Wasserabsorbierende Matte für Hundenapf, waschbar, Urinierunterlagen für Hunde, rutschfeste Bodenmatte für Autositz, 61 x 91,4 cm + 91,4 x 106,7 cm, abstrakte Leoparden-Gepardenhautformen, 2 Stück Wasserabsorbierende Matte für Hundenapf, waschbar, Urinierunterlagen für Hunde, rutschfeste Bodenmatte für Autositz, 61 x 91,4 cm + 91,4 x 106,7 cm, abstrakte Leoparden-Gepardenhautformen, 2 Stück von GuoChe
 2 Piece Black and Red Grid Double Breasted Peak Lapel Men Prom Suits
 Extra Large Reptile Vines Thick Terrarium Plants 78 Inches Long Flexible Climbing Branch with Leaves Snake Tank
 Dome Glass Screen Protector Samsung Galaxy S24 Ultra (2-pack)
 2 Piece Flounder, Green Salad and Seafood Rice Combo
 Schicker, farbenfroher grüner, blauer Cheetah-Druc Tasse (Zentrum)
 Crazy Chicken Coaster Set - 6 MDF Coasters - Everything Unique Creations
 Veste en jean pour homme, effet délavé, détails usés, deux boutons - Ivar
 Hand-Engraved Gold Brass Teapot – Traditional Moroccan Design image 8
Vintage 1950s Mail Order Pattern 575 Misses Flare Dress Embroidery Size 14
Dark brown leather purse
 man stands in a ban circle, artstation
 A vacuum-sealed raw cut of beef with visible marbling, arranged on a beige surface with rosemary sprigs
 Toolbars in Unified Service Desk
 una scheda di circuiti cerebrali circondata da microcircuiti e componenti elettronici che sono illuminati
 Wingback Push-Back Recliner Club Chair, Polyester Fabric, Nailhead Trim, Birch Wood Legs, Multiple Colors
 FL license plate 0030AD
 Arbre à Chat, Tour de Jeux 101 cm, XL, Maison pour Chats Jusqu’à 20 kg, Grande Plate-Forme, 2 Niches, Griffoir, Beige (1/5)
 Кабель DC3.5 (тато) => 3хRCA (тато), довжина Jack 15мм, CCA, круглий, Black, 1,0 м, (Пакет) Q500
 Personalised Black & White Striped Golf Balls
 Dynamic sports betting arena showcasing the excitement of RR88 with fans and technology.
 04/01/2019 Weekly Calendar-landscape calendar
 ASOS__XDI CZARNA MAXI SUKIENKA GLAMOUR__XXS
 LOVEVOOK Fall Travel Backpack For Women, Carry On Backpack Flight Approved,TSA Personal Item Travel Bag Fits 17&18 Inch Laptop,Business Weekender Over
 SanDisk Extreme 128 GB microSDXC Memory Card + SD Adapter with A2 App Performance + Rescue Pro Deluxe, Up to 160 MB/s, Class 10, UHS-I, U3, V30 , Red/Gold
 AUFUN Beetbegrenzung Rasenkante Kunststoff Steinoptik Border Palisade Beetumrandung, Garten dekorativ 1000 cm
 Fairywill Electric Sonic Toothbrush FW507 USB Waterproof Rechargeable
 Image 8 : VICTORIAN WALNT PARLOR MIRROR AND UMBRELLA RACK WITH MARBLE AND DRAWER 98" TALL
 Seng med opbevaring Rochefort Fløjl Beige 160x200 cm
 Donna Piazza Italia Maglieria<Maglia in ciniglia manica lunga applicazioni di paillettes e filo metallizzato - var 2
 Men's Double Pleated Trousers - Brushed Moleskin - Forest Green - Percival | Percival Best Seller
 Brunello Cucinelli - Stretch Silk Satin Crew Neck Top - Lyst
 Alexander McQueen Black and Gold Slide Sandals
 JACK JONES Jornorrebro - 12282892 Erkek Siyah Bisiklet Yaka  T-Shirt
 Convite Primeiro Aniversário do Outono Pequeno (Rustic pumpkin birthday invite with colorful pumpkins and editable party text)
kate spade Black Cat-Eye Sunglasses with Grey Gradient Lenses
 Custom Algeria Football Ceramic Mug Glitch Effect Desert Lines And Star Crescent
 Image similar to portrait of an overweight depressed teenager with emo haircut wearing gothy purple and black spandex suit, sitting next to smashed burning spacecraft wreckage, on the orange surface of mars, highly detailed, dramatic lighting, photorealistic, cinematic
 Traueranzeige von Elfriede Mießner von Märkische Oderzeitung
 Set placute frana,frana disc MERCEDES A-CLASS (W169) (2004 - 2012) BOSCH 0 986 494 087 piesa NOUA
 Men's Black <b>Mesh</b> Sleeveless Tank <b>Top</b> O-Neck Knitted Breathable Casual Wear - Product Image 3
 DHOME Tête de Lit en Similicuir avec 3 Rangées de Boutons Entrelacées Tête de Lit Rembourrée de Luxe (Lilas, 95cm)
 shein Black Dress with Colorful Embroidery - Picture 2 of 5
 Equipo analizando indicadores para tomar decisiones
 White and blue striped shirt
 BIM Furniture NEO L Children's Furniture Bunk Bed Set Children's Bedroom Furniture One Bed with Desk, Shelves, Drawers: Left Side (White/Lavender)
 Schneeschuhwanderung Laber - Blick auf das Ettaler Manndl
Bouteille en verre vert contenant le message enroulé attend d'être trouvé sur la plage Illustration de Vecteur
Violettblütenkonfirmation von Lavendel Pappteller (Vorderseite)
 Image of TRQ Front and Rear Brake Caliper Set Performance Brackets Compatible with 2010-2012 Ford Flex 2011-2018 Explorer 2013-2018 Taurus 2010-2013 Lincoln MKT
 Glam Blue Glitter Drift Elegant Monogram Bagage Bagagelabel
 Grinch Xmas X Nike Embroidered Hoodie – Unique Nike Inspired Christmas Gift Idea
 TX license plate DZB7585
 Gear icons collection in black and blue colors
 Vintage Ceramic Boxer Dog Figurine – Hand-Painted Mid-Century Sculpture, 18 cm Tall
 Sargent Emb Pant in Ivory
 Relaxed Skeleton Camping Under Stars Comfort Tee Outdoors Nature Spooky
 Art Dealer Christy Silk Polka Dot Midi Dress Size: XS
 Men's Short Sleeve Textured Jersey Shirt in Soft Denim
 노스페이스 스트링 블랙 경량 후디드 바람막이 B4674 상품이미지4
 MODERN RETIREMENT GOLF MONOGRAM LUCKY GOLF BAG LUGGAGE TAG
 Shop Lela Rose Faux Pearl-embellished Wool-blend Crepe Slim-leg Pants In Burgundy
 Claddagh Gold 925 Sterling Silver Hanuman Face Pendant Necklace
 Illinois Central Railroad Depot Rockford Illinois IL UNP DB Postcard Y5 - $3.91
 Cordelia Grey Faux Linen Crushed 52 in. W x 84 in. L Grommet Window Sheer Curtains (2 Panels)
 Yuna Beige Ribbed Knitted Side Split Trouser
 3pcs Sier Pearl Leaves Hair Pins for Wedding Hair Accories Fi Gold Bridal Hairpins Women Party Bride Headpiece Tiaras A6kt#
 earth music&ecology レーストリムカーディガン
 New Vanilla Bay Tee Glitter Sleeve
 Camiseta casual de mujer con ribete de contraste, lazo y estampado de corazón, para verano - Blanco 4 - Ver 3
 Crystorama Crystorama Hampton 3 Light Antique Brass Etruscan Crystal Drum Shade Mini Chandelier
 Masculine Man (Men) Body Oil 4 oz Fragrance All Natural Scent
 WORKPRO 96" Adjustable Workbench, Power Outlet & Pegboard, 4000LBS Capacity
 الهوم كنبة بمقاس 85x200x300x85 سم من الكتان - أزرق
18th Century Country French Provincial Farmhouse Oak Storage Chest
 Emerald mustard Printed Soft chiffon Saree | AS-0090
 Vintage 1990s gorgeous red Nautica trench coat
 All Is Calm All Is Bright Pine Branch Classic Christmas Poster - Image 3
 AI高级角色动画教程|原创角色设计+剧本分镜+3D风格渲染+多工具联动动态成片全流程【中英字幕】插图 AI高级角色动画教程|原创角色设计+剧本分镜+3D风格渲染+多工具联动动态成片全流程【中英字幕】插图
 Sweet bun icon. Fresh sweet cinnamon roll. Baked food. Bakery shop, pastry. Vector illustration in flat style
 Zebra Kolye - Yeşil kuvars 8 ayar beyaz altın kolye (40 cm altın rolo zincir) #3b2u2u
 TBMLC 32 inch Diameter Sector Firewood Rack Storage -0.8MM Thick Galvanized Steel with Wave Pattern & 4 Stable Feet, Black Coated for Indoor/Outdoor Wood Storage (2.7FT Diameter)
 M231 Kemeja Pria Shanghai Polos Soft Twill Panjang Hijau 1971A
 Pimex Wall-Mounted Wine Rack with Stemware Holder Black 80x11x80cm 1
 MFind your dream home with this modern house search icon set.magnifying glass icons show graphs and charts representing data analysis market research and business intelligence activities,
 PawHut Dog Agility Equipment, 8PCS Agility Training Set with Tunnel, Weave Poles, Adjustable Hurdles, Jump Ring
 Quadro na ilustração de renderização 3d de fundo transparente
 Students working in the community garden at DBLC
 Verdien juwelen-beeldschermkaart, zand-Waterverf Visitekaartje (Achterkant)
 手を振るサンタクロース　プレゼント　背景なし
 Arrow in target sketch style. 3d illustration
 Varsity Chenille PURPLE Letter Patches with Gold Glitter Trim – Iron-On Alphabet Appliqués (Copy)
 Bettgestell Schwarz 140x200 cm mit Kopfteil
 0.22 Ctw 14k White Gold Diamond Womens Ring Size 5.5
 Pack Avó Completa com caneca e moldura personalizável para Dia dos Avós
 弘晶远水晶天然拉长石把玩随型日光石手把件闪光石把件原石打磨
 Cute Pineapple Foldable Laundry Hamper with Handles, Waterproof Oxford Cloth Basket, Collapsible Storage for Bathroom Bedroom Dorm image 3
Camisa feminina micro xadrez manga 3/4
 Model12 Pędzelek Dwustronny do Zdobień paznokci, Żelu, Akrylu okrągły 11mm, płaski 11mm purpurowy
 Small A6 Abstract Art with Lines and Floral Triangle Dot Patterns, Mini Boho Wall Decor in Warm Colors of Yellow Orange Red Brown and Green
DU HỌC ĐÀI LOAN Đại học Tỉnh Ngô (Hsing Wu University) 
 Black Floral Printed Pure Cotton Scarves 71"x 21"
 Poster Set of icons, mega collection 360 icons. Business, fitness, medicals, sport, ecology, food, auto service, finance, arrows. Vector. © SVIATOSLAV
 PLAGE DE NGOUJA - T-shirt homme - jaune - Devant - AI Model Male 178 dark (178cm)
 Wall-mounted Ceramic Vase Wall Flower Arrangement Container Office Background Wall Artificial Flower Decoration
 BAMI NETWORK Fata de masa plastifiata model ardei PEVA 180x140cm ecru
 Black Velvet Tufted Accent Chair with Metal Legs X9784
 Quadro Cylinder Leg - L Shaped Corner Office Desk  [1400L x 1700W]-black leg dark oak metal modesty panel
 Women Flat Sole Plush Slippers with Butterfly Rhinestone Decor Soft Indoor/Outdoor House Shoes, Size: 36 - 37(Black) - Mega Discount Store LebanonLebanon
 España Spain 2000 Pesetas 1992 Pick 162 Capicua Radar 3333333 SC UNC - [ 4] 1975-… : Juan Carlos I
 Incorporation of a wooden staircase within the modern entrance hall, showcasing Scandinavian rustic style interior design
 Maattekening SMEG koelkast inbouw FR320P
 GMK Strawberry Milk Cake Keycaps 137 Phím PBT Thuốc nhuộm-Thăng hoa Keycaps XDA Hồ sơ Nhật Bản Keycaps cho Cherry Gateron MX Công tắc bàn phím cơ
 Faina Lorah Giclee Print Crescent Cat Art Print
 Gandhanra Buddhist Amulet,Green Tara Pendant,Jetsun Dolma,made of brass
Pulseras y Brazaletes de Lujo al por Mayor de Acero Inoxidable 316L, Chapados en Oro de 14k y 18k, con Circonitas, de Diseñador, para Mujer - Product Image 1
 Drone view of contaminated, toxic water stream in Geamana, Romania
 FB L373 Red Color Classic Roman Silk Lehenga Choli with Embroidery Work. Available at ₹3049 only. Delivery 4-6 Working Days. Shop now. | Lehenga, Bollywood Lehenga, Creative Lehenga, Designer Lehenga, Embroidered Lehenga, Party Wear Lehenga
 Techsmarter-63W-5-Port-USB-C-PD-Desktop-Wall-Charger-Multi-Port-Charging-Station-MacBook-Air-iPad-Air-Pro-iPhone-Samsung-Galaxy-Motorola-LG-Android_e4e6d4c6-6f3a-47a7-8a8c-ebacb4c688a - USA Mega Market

* INSTRUCTIONS TO FOLLOW
Where a line of the entries above holds the word "Thick", return that line.

* RESPONSE
 Extra Large Reptile Vines Thick Terrarium Plants 78 Inches Long Flexible Climbing Branch with Leaves Snake Tank
 TBMLC 32 inch Diameter Sector Firewood Rack Storage -0.8MM Thick Galvanized Steel with Wave Pattern & 4 Stable Feet, Black Coated for Indoor/Outdoor Wood Storage (2.7FT Diameter)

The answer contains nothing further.